Take graphene::db::object_database as the base, create an interface and implement object_database_mysql, object_database_neo4j ... etc.
The BitShares blockchain has a more diverse STATE than the Bitcoin blockchain (UTXO/Address Balance).
We have a lot of entities: accounts, balances, assets, orders, feeds, etc.
We need maximum flexibility when querying the state.
The state doesn't have all the appropriated indexes or doesn't have the specific function to query that specific part of the state.
Eg:
We needed to list all the holders of a specific asset.

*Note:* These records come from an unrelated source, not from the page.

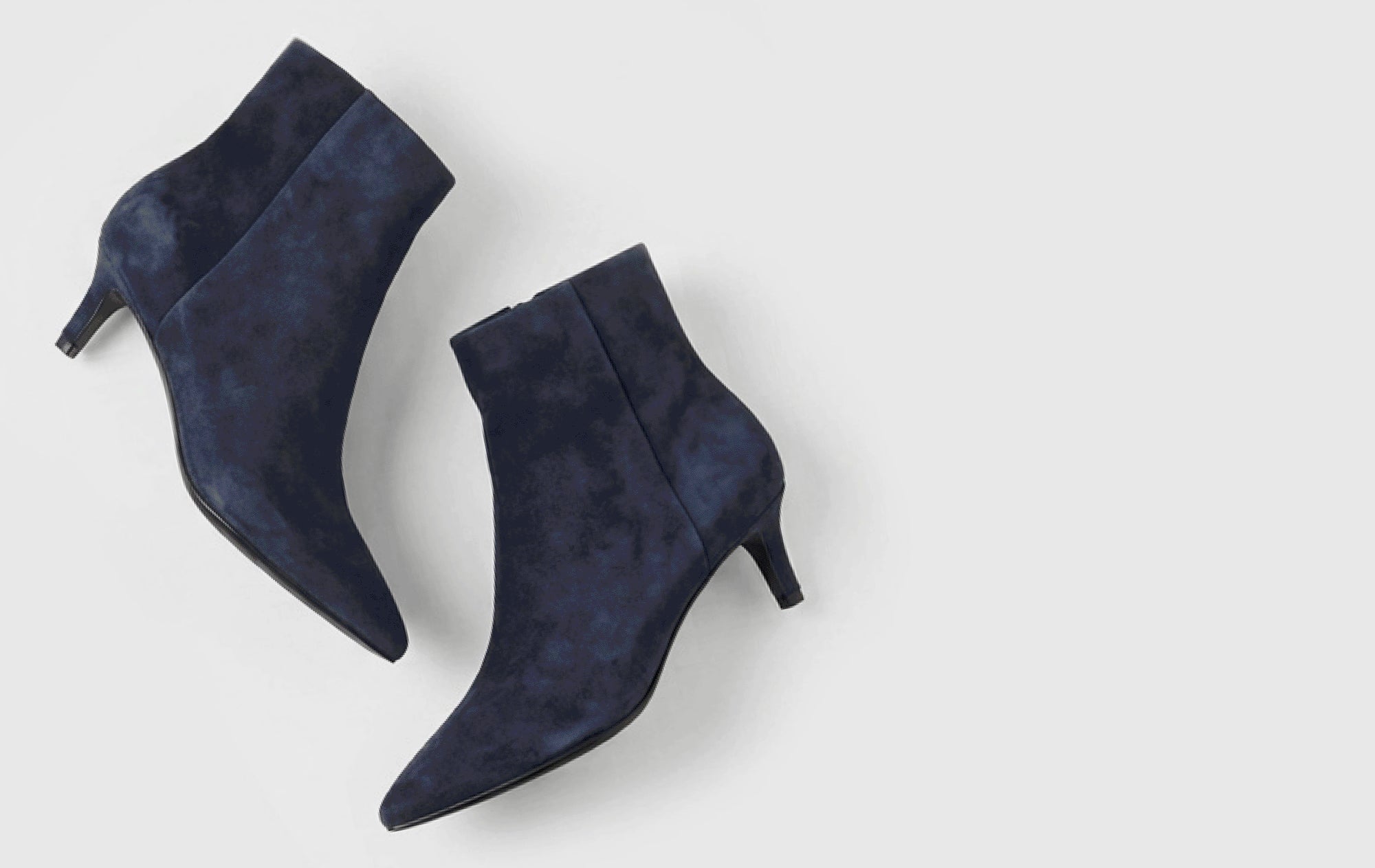 Editorial banner featuring navy suede styles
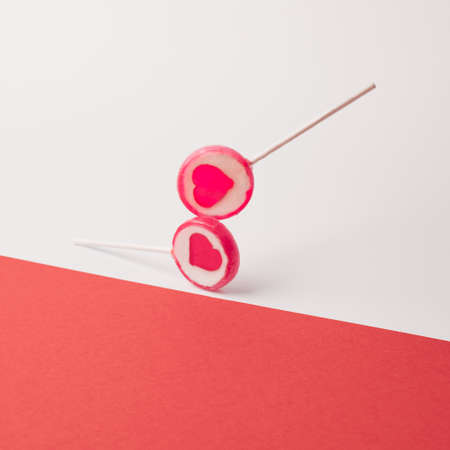 Two romantic pink lolipops touching on the red and white background. Valentines minimal studio shotの写真素材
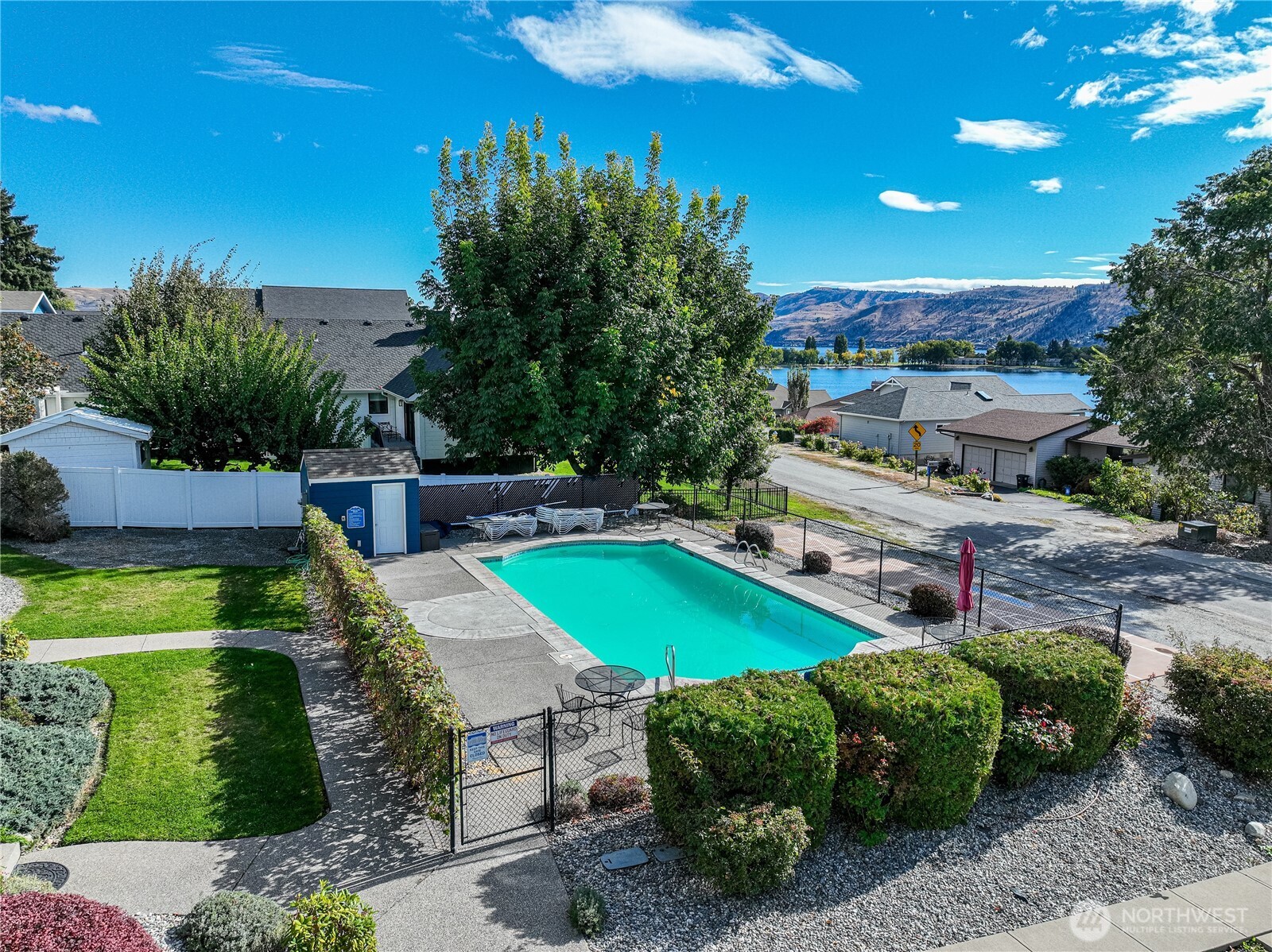 744 Wapato Way, Unit B Manson, WA 98831 - Photo 32 of 32 a swimming pool with outdoor seating and yard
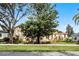 House with solar panels and mature trees at 111 Millholland St, Oakland, FL 34760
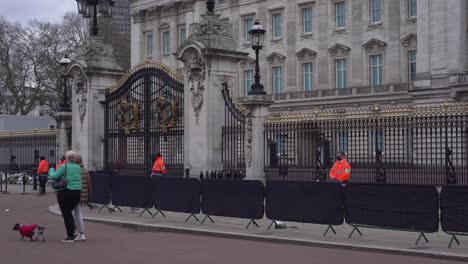 Buckingham-Palace-attendants-and-mourners-walking-in-front-of-palace-gates,-the-day-after-death-of-Prince-Philip,-Duke-of-Edinburgh,-Saturday-April-10th,-2021---London-UK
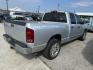 2002 Silver Dodge Ram 1500 SLT Plus Quad Cab 2WD (1D7HA18N82S) with an 4.7L V8 SOHC 16V engine, Automatic transmission, located at 1687 Business 35 S, New Braunfels, TX, 78130, (830) 625-7159, 29.655487, -98.051491 - Photo#2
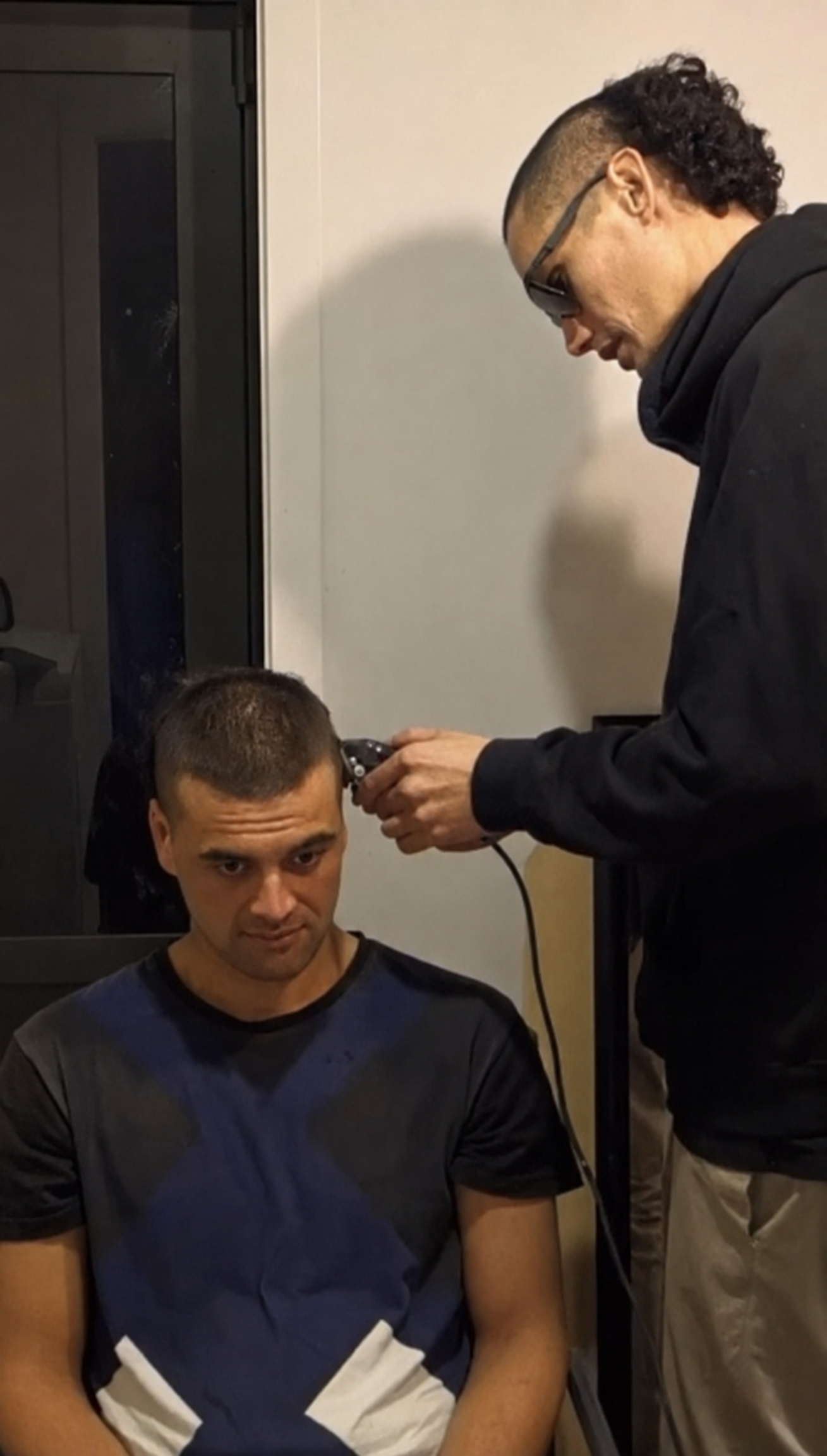 Jabez giving his brother Zeke his first haircut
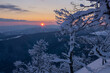 © Travel 'n' Lifestyle - View of snow-laden trees frame a radiant sunset over the mountainous landscape, painting the sky with hues of orange and pink, Nizke Tatry, Banska Bystrica Region, Slovakia.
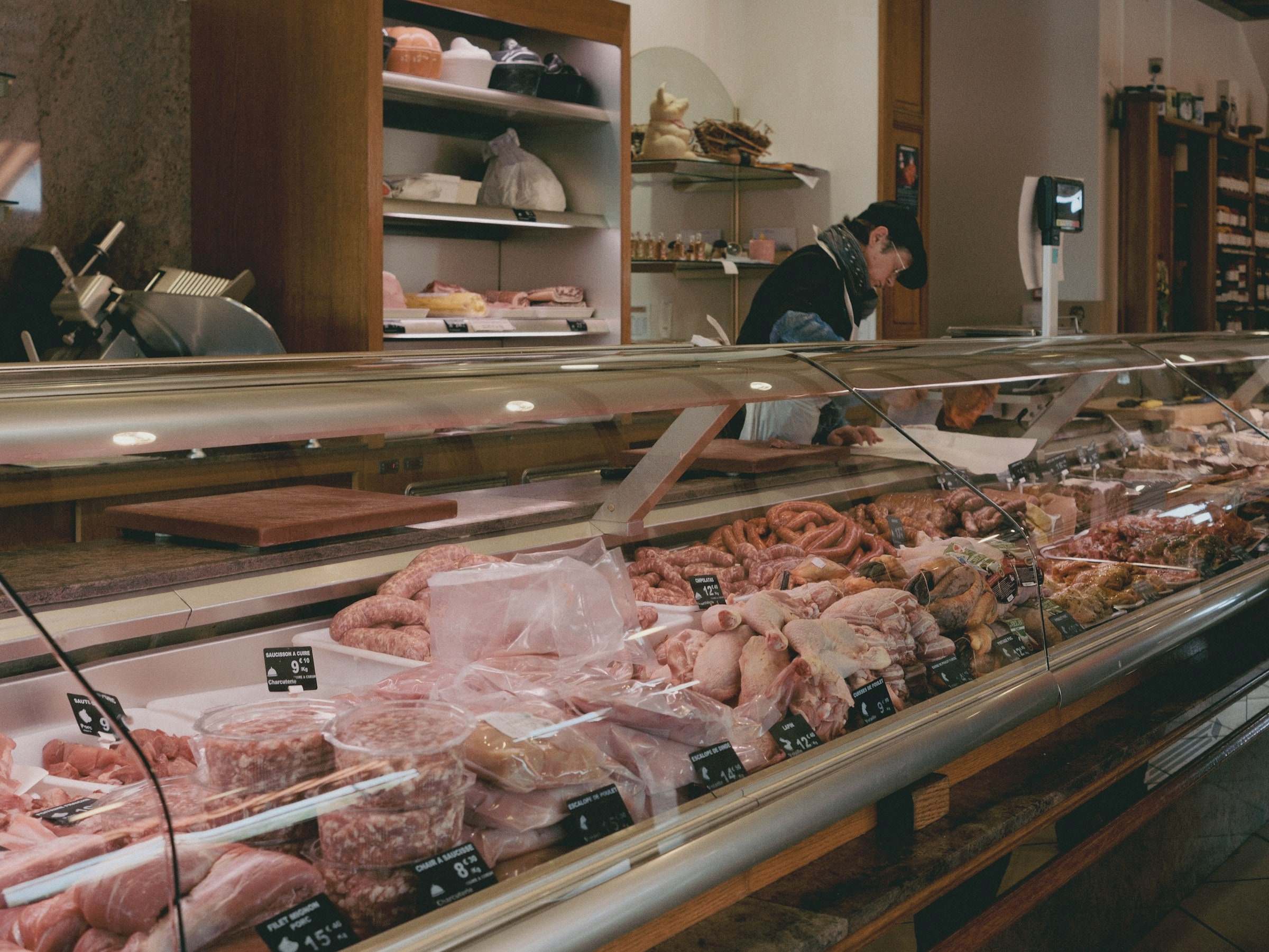 A butcher at work behind the counter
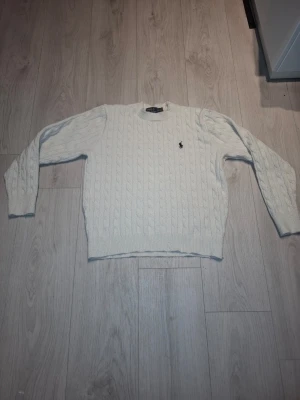 Vit kabelstickad tröja Polo Ralph Lauren - Kabelstickad vit tröja från Polo Ralph Lauren med klassisk rund halsringning och den ikoniska broderade loggan på bröstet. Tröjan har långa ärmar och ribbade muddar vid ärmslut och nederkant. Perfekt för en clean och stilren look.
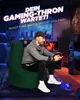 A man is playing video games while sitting on a large green beanbag chair in a dimly lit room with gaming equipment. Produktbild-Vorschau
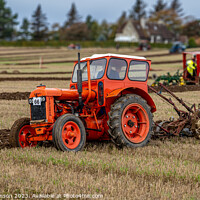 Buy canvas prints of Vintage Tractor Ploughing by Rodney Hutchinson
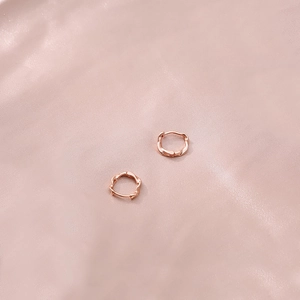 Rose gold Mobius twist earrings in S925 sterling silver on pink silk background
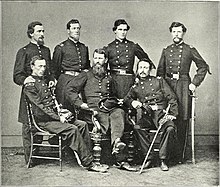 Black and white photo shows seven men in dark military uniforems.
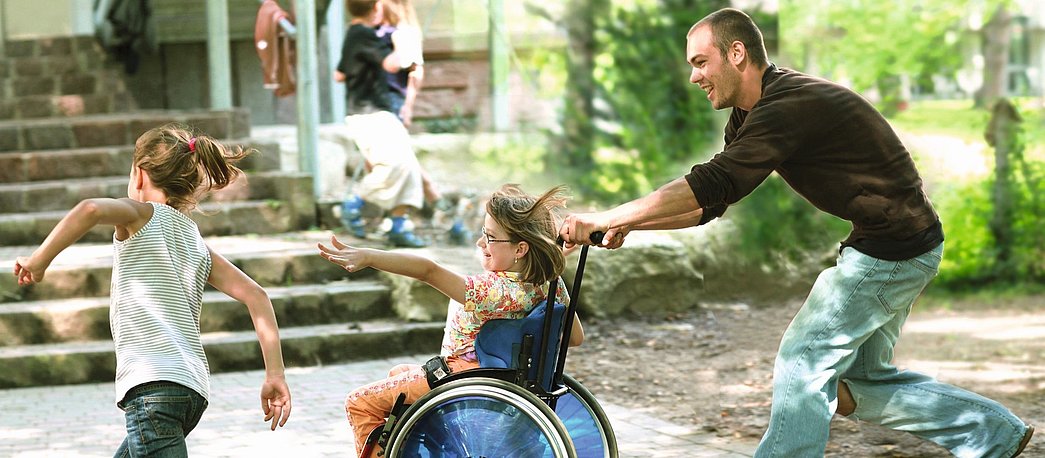 Freiwilliger spielt mit Kind im Rollstuhl beim FSJ Heilpädagogik.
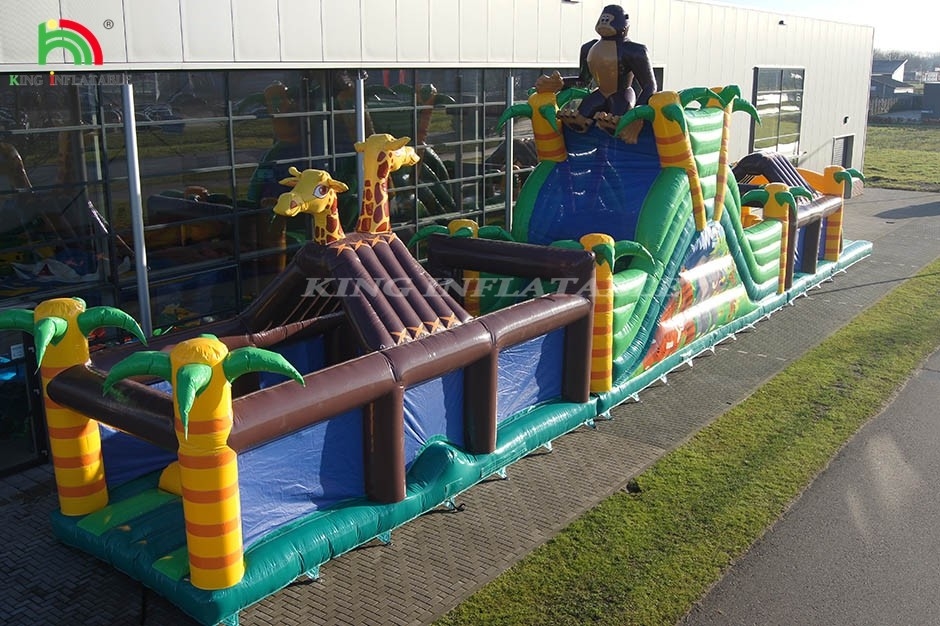 Gran campo de obstáculos inflables al aire libre con tobogán y cerca saltando salto juego de deportes con trampolín y tobogán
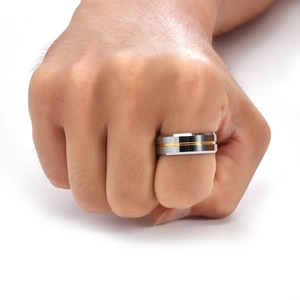 Detail of 8mm wide tungsten steel ring with gold groove worn on a male finger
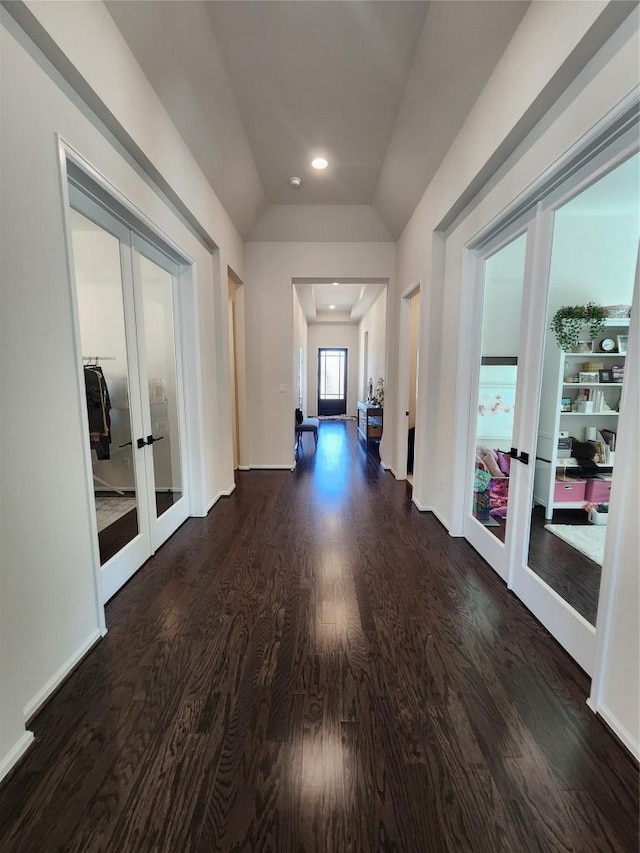 corridor featuring recessed lighting, french doors, lofted ceiling, and wood finished floors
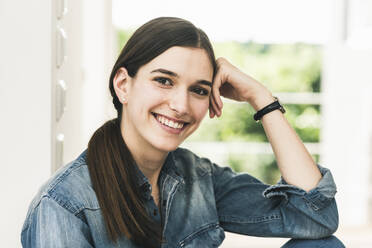 Portrait of smiling young woman wearing denim shirt at home - UUF18262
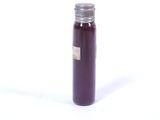 a bottle of liquid sitting on a white surface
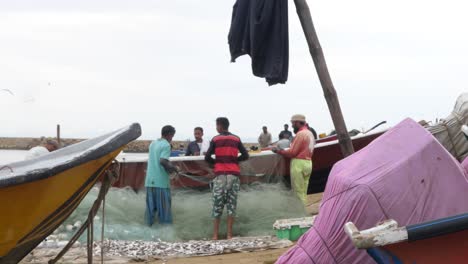 Pescador-Local-Clasificando-La-Red-De-Pesca-En-Gwadar-Junto-Al-Barco-En-Gwadar-En-La-Costa-De-Baluchistán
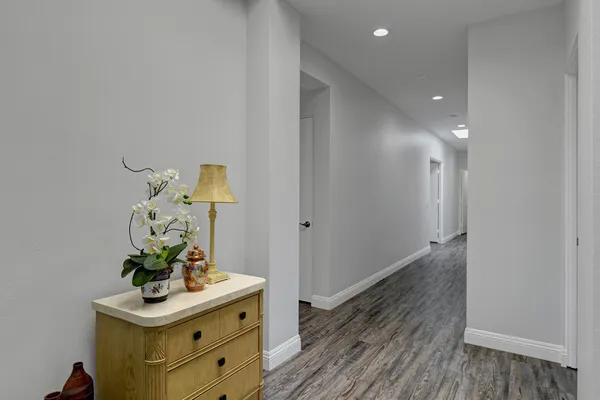 a bedroom with a bed couch and a larger window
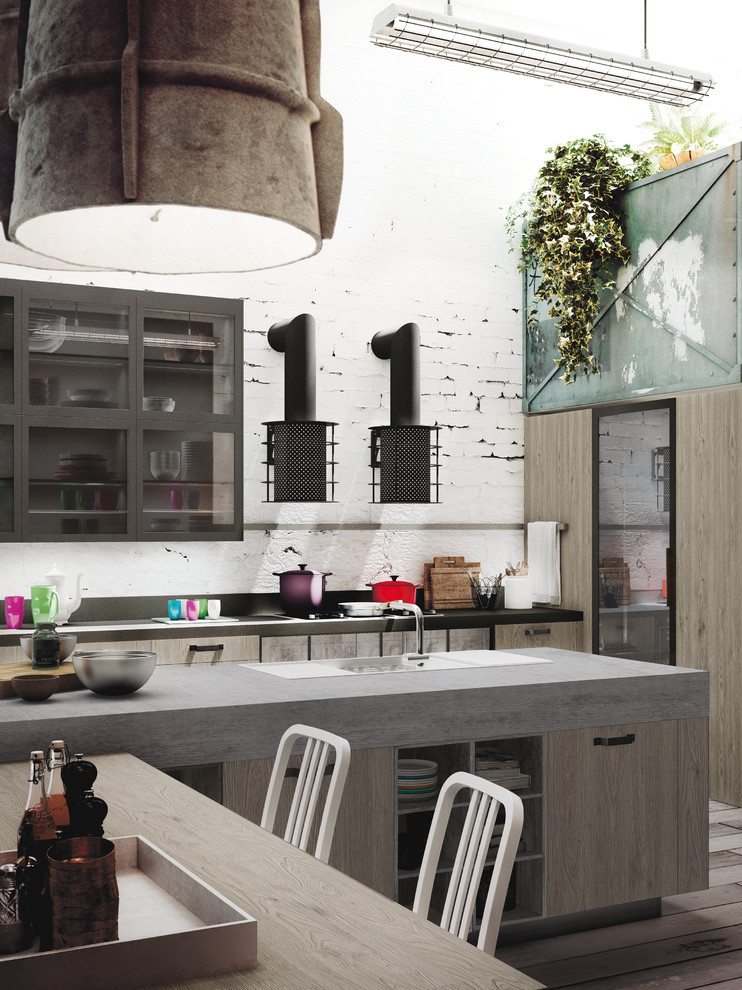 Photo of a mid-sized industrial l-shaped open plan kitchen in Marseille with an integrated sink, glass-front cabinets, light wood cabinets, concrete benchtops, grey splashback, cement tile splashback, black appliances, painted wood floors and with island.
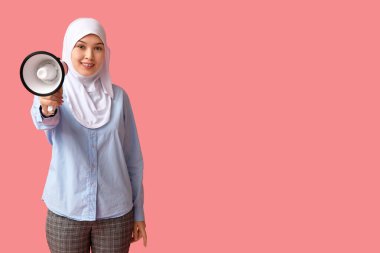 Pembe arka planda megafonu olan genç Asyalı Müslüman kadın. Ulusal Duyulma Günü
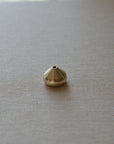 an incense holder with a brass medium waterdrop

The index was already there.
... ordered_unique< tag<by_asset_balance>,
composite_key<
account_balance_object,
member<account_balance_object, asset_id_type, &account_balance_object::asset_type>,
member<account_balance_object, share_type, &account_balance_object::balance>,
member<account_balance_object, account_id_type, &account_balance_object::owner>
>,
...
So, we just write the function using that index.
Code: [Select]
vector<account_asset_balance> database_api_impl::get_asset_holders( asset_id_type asset_id )const
{
const auto& bal_idx = _db.get_index_type< account_balance_index >().indices().get< by_asset_balance >();
const auto range = bal_idx.equal_range( boost::make_tuple( asset_id ) );
vector<account_asset_balance> result;
for( const account_balance_object& bal : boost::make_iterator_range( range.first, range.second ) )
{
assert( bal.asset_type == asset_id );
auto account = _db.find(bal.owner);
account_asset_balance aab;
aab.name = account->name;
aab.account_id = account->id;
aab.amount = bal.balance.value;
result.push_back(aab);
}
return result;
}
So if we want to query the state in any imaginable way we have many options each one of them with some trade-offs.
1) Add more boost_multi_index_container for the state with the corresponding functions when needed.
This will increase memory usage in all nodes since indexes occupy memory space.
But can be set at compile time or with a custom plugin.
2) Replicate the state in a MySQL/neo4J database.
Add a function to dump the FULL STATE of the object db.
And then apply state changes (add/edit/delete objects).
This process need to lock the block processing until we apply the state change in our underlying database.
Otherwise if we miss a delta-diff our outside-state will be different from the real state.
Eg: if we just connect to the WS interface, and wait for "object_changed" callback and affect the outside-state accordingly, then our process go down, the blockchain keeps updating objects, we reconnect later and .... we are in problems.
We have been experimenting with this approach developing a plugin that will call a python function with the changed_objects content.
Code: [Select]
void db_update_plugin::plugin_initialize(const boost::program_options::variables_map& options)
{
auto script_str = options.at("python-script").as<std::string>();
if ( !script_str.size() )
return;
Py_Initialize();
my->_main_module = bp::import("__main__");
my->_global = my->_main_module.attr("__dict__");
auto script_path = bp::str(script_str);
bp::exec_file(script_path, my->_global, my->_global);
my->_handler = my->_global["Handler"]();
database().changed_objects.connect([&]( const std::vector<graphene::db::object_id_type>& ids) {
bp::list list_ids;
bp::list list_values;
for( auto id : ids ) {
fc::variant vo;
to_variant(id, vo);
list_ids.append( vo.get_string() );
const graphene::db::object *obj = database().find_object(id);
if ( obj != nullptr ) {
list_values.append( fc::json::to_string(obj->to_variant()) );
} else {
list_values.append( "" );
}
}
bp::call_method<void>(my->_handler.ptr(), "changed_objects", list_ids, list_values);
});
}
(We have to take care of possible forks in the chain? Or the changed_objects callback also tell us [in case of undo] which objects need to be deleted?)
3) Create a pluggable db backend.
Take graphene::db::object_database as the base, create an interface and implement object_database_mysql, object_database_neo4j ... etc.